[Input data]

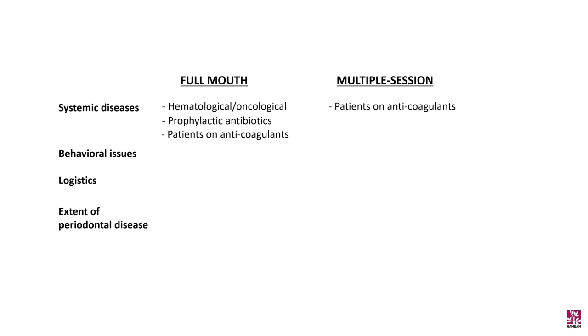The full mouth protocol will be chosen for systemic patients awaiting completion of periodontal therapy as a prerequisite for further systemic therapy — such as bone marrow transplantation or systemic bisphosphonate therapy. For patients requiring antibiotic prophylaxis prior to subgingival instrumentation, the full mouth protocol is preferred to spare the patient from several courses of antibiotics. For patients on anticoagulants, we first recommend supragingival scaling to decrease bacterial load and gingival inflammation, then divide subgingival instrumentation into multiple areas to reduce risk of post-operative bleeding. However, when hematological preparation is required, a full mouth protocol is chosen.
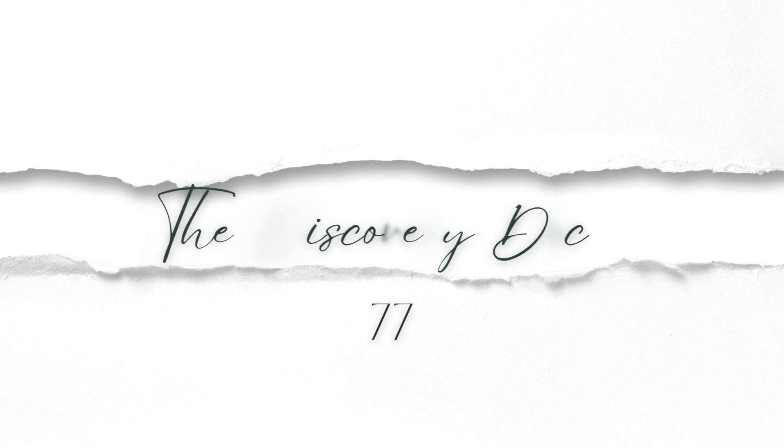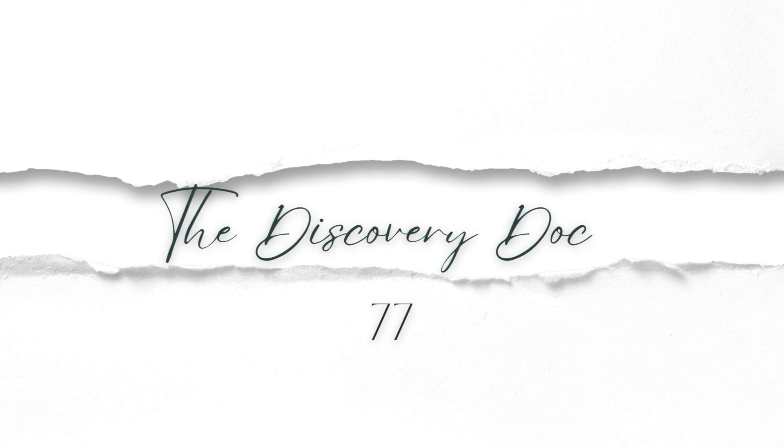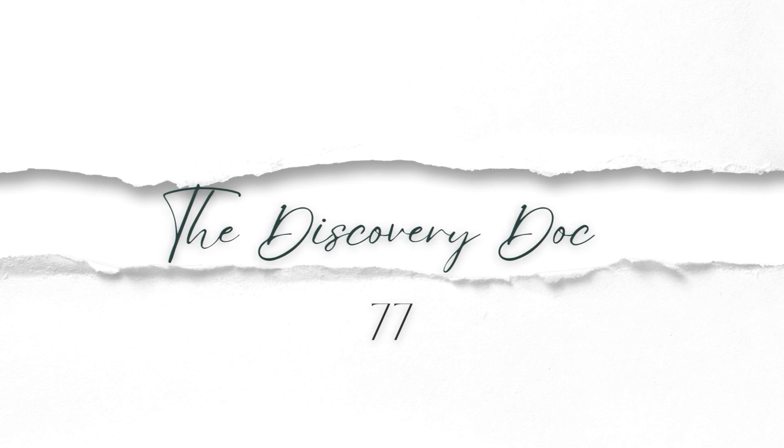The Discovery Doc Podcast, where your journey to empowered, non-toxic living begins. Join me, Dr. CeCe, a doctor of nursing practice, self-proclaimed toxin tamer, and mama of four, alongside me, Anna Kate, your medical mystery overachiever.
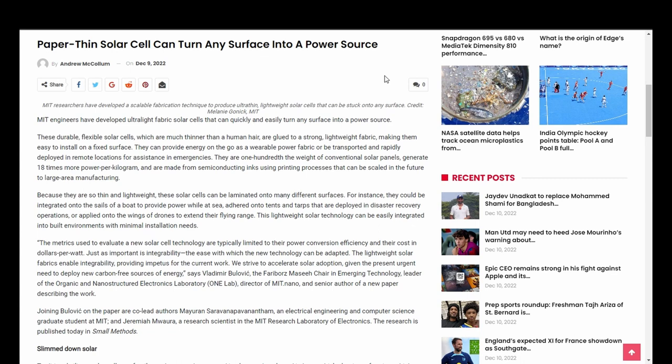These durable, flexible solar cells, which are much thinner than a human hair, are glued to a strong, lightweight fabric, making them easy to install on a fixed surface. They can provide energy on the go as a wearable power fabric or be transported and rapidly deployed in remote locations for assistance in emergencies. They are one hundredth the weight of conventional solar panels, generate 18 times more power per kilogram, and are made from semi-conducting inks using printing processes that can be scaled in the future to large area manufacturing.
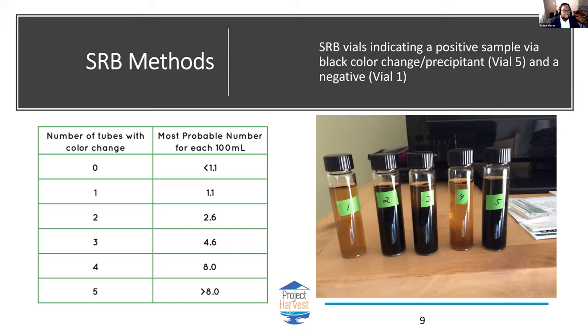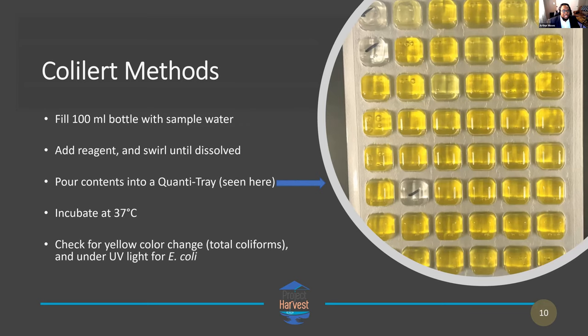Lab results were tested against ColiAlert, where a sample bottle is filled with the ColiAlert reagent and water, placed into quantity trays, incubated, and a yellowish color change indicates a positive result for coliform bacteria. Under UV light, samples fluoresce to indicate the presence of E. coli. The MPN is determined by the pattern of positive wells in the tray.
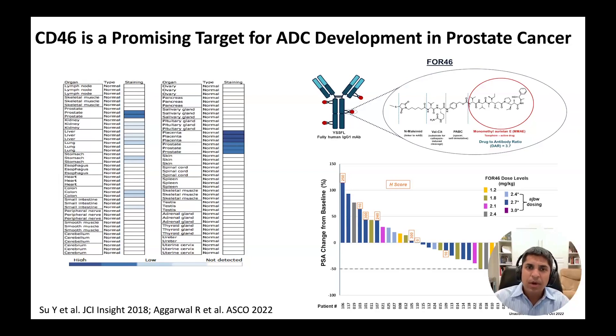In the figure on the bottom right, you are seeing the change in serum PSA for patients treated on this phase one study, with each column representing an individual patient. There are PSA declines noted in the majority of patients, including several with near complete normalization of their PSA levels. A phase three trial of this agent is due to start within the next several months.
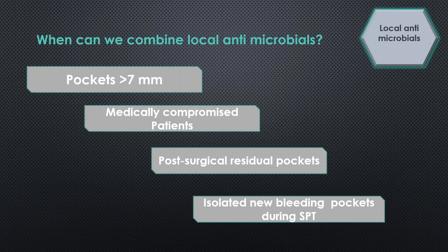When can we consider combining local antimicrobials? It is wise to use them in very deep pockets or in medically compromised patients where we want to avoid surgery. Sometimes we have post-surgical residual pockets and do not want to operate again, so local antimicrobials can be used at that stage. Also, if we have isolated new bleeding pockets during supportive treatment, it is wise to use these products to maintain the dentition.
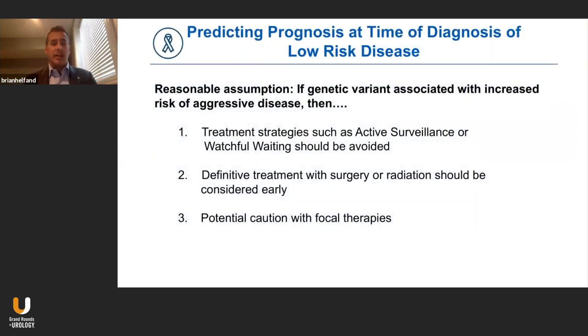When patients are newly diagnosed with low-risk disease and are considering active surveillance, if we do genetic testing and find a genetic variant or mutation associated with increased risk of aggressive disease, then maybe they're not the best candidate for active surveillance or watchful waiting. Strong consideration to avoid those strategies should be taken. If they have these mutations, definitive treatment with either surgery or radiation should be considered early, with caution regarding focal therapies that are more experimental.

[/Input data]

Those lines of the records above that run from the one containing "In the figure" through the one containing "When can we" should be returned exactly, with no pictures among them.

* Your solution
In the figure on the bottom right, you are seeing the change in serum PSA for patients treated on this phase one study, with each column representing an individual patient. There are PSA declines noted in the majority of patients, including several with near complete normalization of their PSA levels. A phase three trial of this agent is due to start within the next several months.
When can we consider combining local antimicrobials? It is wise to use them in very deep pockets or in medically compromised patients where we want to avoid surgery. Sometimes we have post-surgical residual pockets and do not want to operate again, so local antimicrobials can be used at that stage. Also, if we have isolated new bleeding pockets during supportive treatment, it is wise to use these products to maintain the dentition.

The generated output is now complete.